UNITED STATES
SECURITIES AND EXCHANGE COMMISSION
Washington, D.C. 20549
_____________________
FORM 6-K
Report of Foreign Private Issuer Pursuant to Rule 13a-16
or
15d-16 of the Securities Exchange Act of 1934
For the month of October 2022
Commission File Number: 001-39928
_____________________
Sendas Distribuidora S.A.
(Exact Name as Specified in its Charter)
Sendas Distributor S.A.
(Translation of registrant’s name into
English)
Avenida Ayrton Senna, No. 6,000, Lote 2, Pal 48959,
Anexo A
Jacarepaguá
22775-005 Rio de Janeiro, RJ, Brazil
(Address of principal executive offices)
(Indicate
by check mark whether the registrant files or will file annual reports under cover of Form 20-F or Form 40-F.)
Form 20-F: ý
Form 40-F: o
(Indicate
by check mark if the registrant is submitting the Form 6-K in paper as permitted by Regulation S-T Rule 101(b)(1)):
Yes: o
No: ý
(Indicate by check mark if the
registrant is submitting the Form 6-K in paper as permitted by Regulation S-T Rule 101(b)(7)):
Yes: o No: ý
SENDAS DISTRIBUIDORA S.A.
Companhia de Capital Aberto Autorizado
CNPJ nº 06.057.223/0001-71
NIRE 3330027290-9
MINUTES TO THE MEETING OF THE BOARD OF DIRECTORS HELD
ON OCTOBER 20TH, 2022
1. Date, Time and Place: On the October
20th 2022, at 04:30 pm, at the headquarters of Sendas Distribuidora SA (“Company”), located in the City of Rio de Janeiro,
State of Rio de Janeiro, at Avenida Ayrton Senna, nº 6.000, Lote 2, Pal 48959, Annex A, Jacarepaguá, CEP 22775-005.

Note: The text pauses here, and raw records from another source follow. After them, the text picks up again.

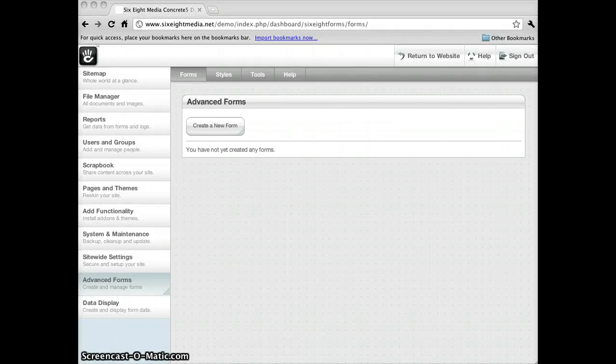Alright, we're going to take a quick look at how to create a new form using the Advanced Forms add-on for Concrete 5.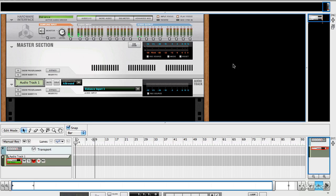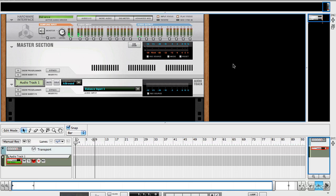So what we're going to be looking at, amongst other things, is how to set Reason up for recording, how to set levels and check levels and check your signal path, how to record into an audio track, how to edit vocals.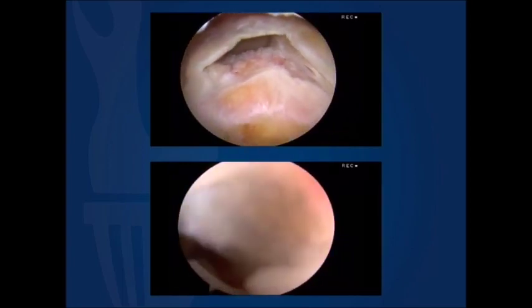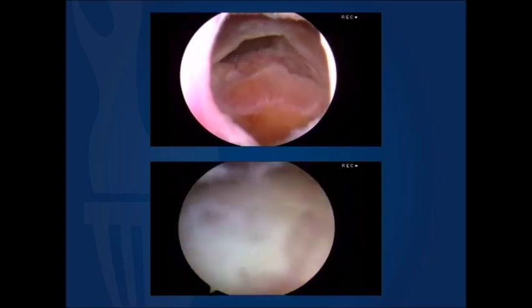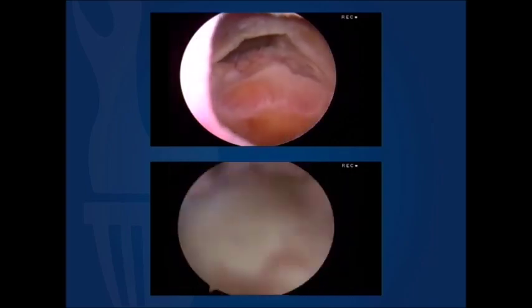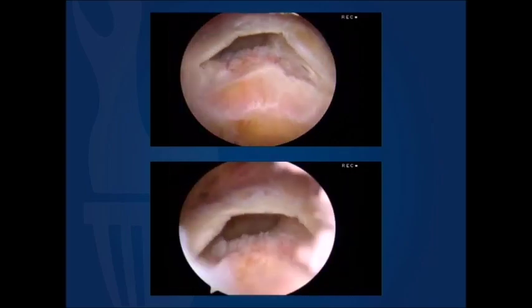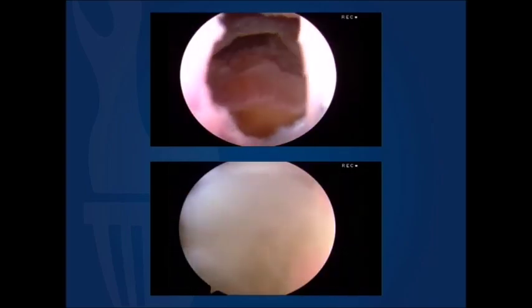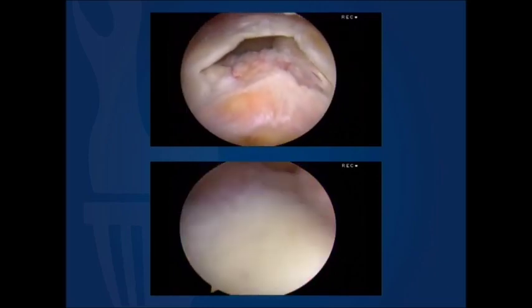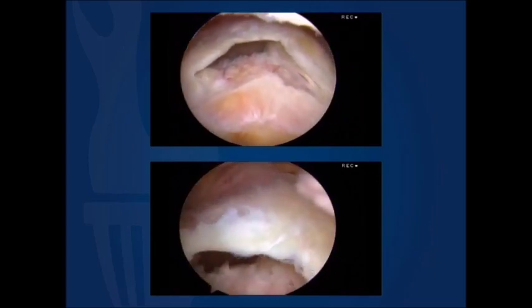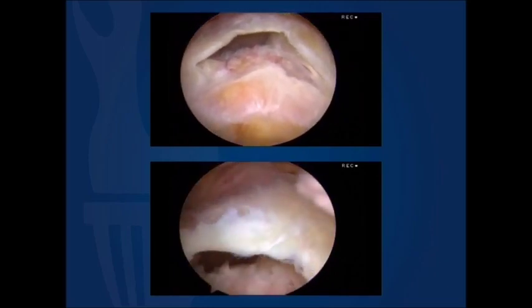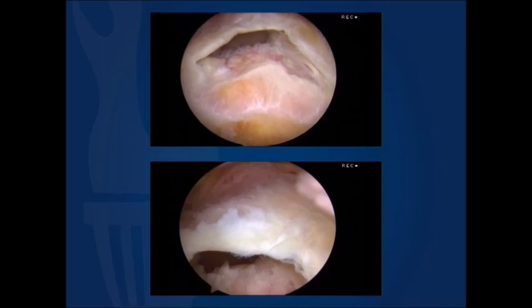Now compare that with the video below, which is the same video we showed earlier. As we try to back the camera up to broaden our perspective, there are significant limitations imposed by the fascia.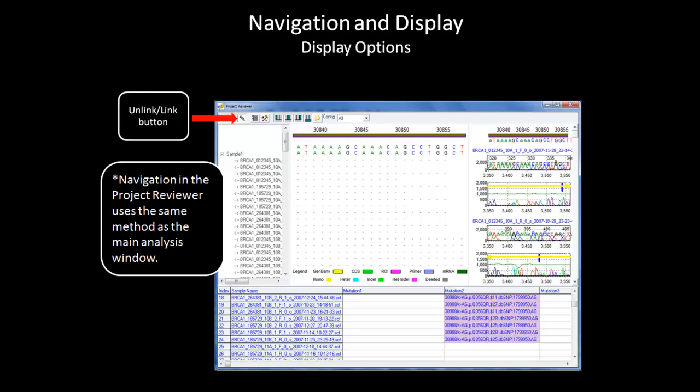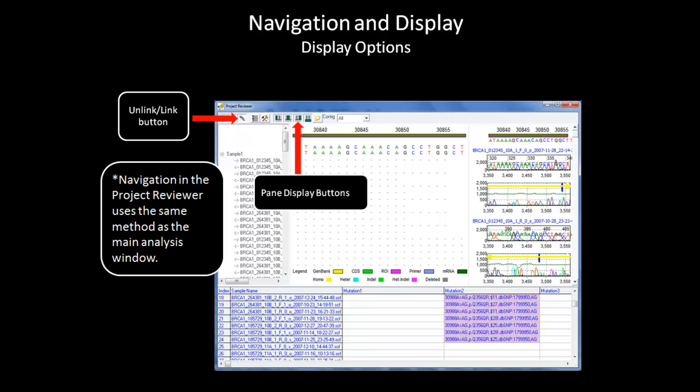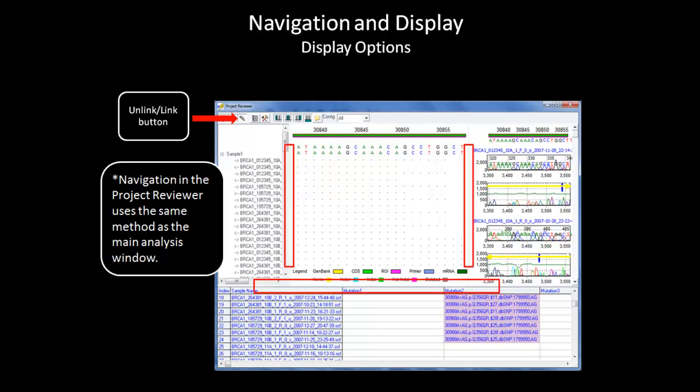First, there is the unlinked button. This button controls whether the entire viewer is linked. For example, if it is clicked off, you can zoom into the electropherogram without affecting the view of the base pane. The pane display button controls which panes are displayed and which are removed from the project reviewer. In addition, you can also resize any of the panes to the size you want by moving the pane dividers.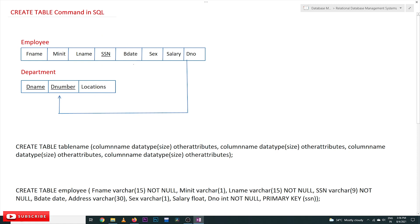Hi, welcome to Learning Monkey. I am Vikram. In this class we will try to understand the CREATE TABLE command in SQL. Using this command we can create tables. We are going to create the employee and department tables. How these tables are obtained from the ER diagram has already been discussed in our previous videos. If you haven't watched those videos, please watch them first, because that understanding is very important.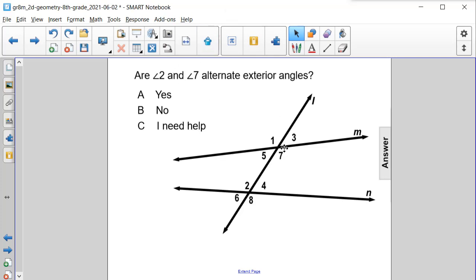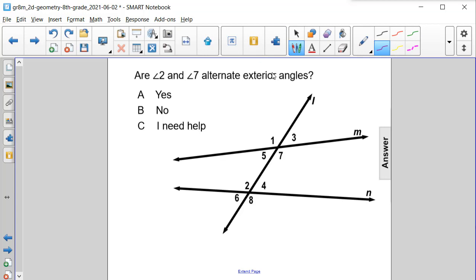Are angle 2 and angle 7 alternate exterior angles? Yes or no? Let's examine them. We have angle 2 right here and angle 7. I agree that they are alternate because they are on opposite sides of our transversal, line L.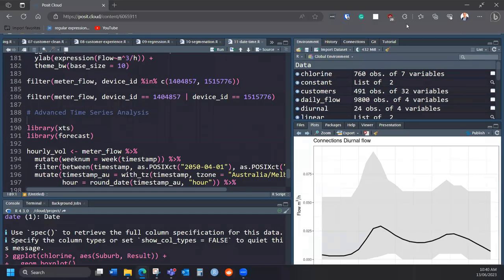Hi, I'm Peter Prevost and welcome to the screencast for Chapter 12 of Data Science for Water Utilities. In the previous chapter, we looked at the basics of working with time series data.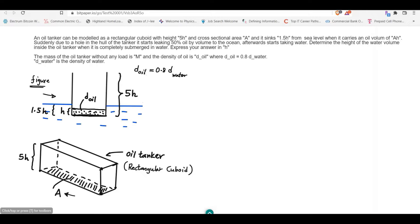We are given that the mass of the oil tanker without any load is M. The density of the oil is D_oil, where D_oil is approximately 0.8 times the density of water D_water. This means the density of oil is less than the density of water, and as a result, the oil volume is going to float on water.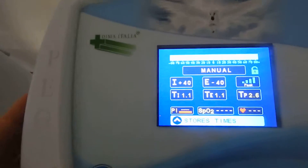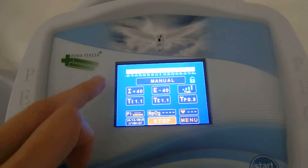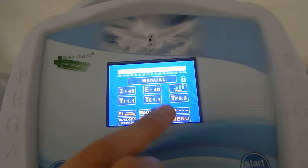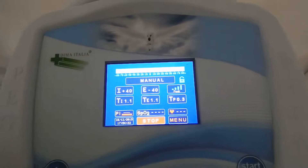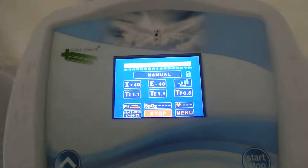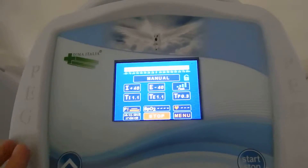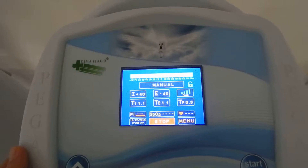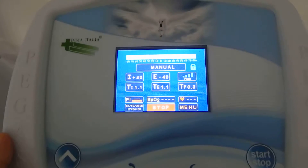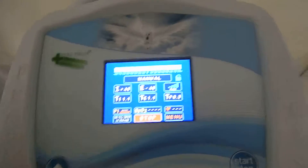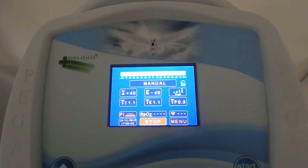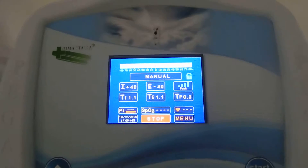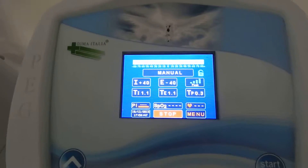By pressing the key up, all the values will be stored in the device and they will appear in the other modes, such as automatic, easy start, or auto sync. So the therapies that the physician has decided for the patient will be available also in other modes.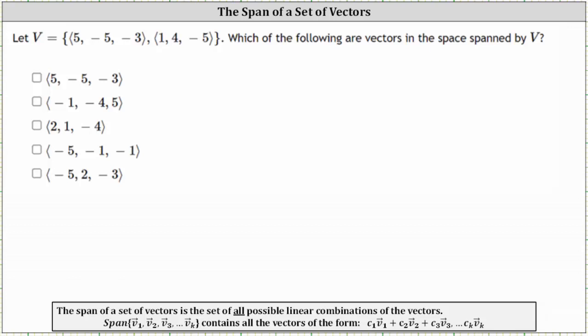Let the vector space V contain the vectors five, negative five, negative three and one, four, negative five. Which of the following are vectors in the space spanned by V?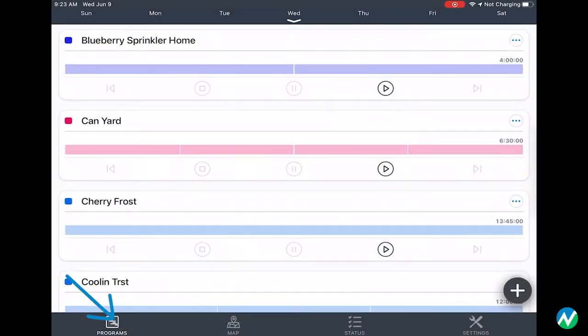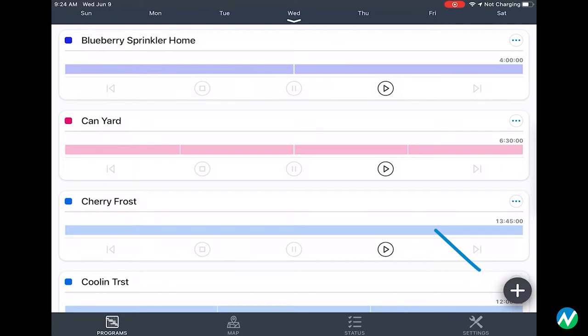Under the Programs menu in the TwigMC app, you can create new programs. Press the plus icon on the bottom right of the screen to see a list of zones and times.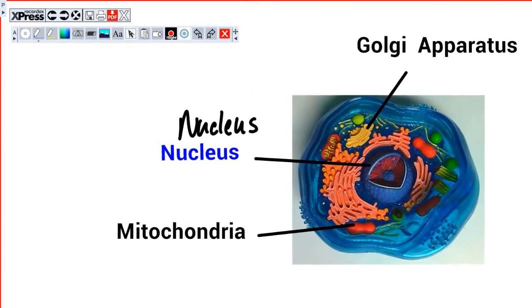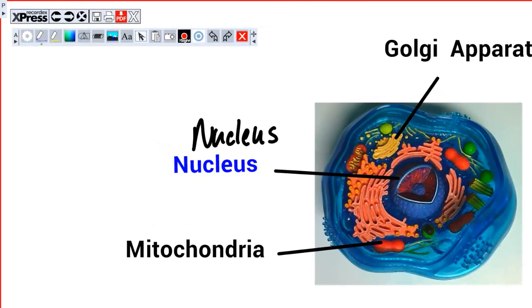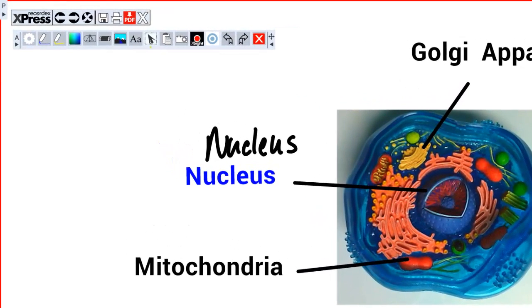Now we're going to take a look at the Object Select tool. When it's on, you see a little dot below it, and the cursor will change to a cursor with a dotted box next to it.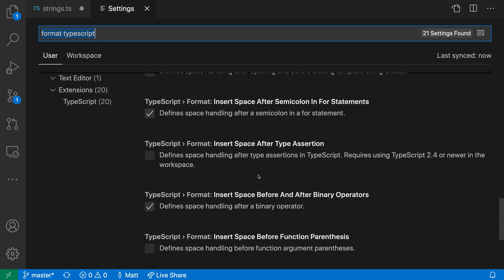If you're looking for more advanced or specific formatting settings, there are always extensions such as Prettier, which can add a specific formatting style or more advanced configuration options when you're formatting your JavaScript and TypeScript code.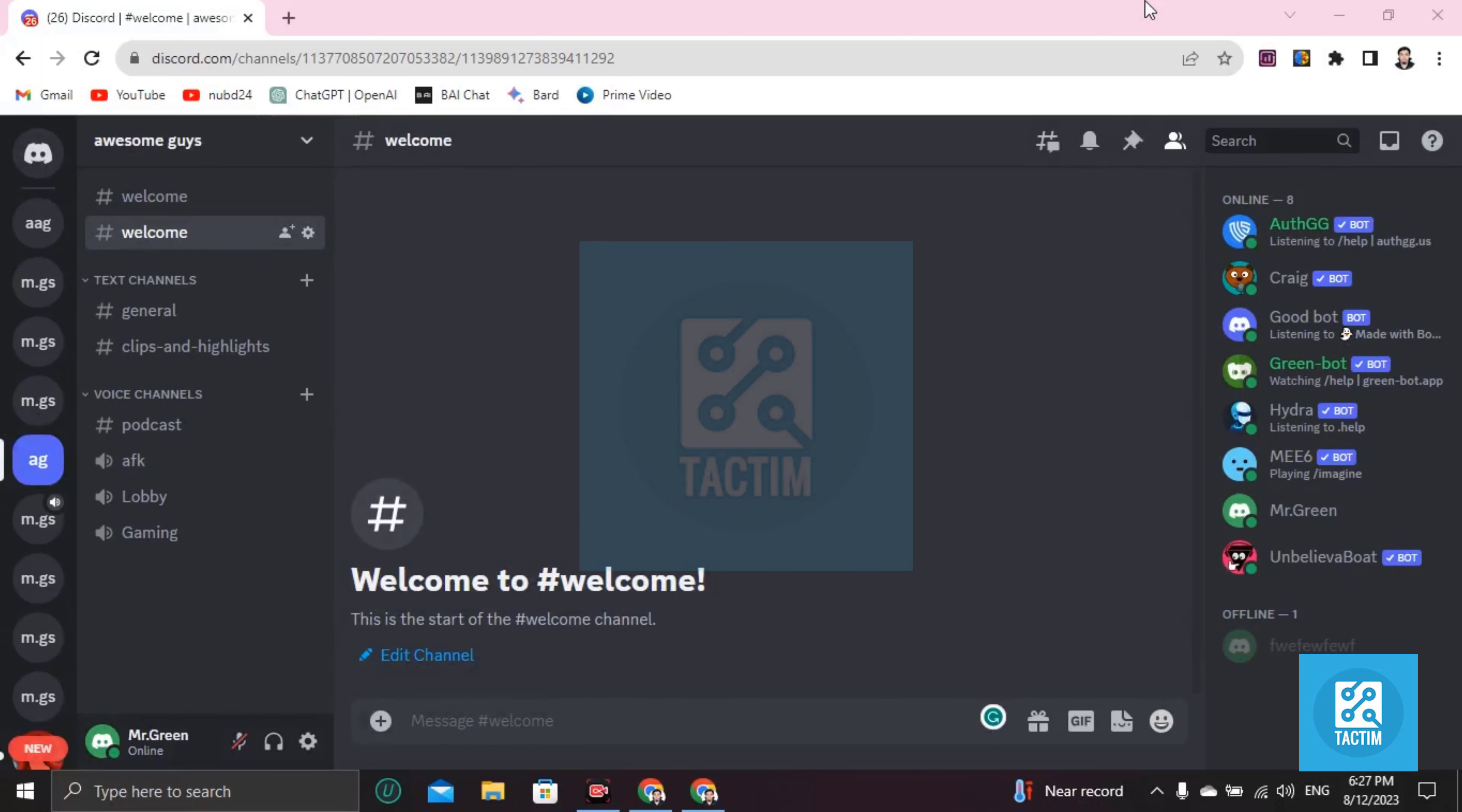Hi guys, welcome to Tech Team channel. Hope you are doing well. In this video I'm going to show you how you can integrate Twitch in Discord. In this case, you have to go to settings.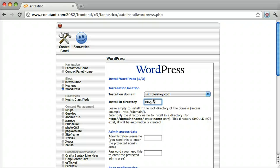But we are just going to do the main website, so we are going to keep that blank.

2. Call and Attendance: Call was done in
accordance with the regalement and the meeting had the presence of all the members of the Company's Board of Directors.
3. Conduction of the Meeting: Chairman:
Jean-Charles Henri Naouri; Secretary: Aline Pacheco Pelucio.
4. Agenda: (i) Analysis and deliberation
on the Company's Financial Information for the period ended September 30, 2022; and (ii) Analysis and decision on the proposed
issuance of shares within the scope of the Company's stock option program and the respective capital increase.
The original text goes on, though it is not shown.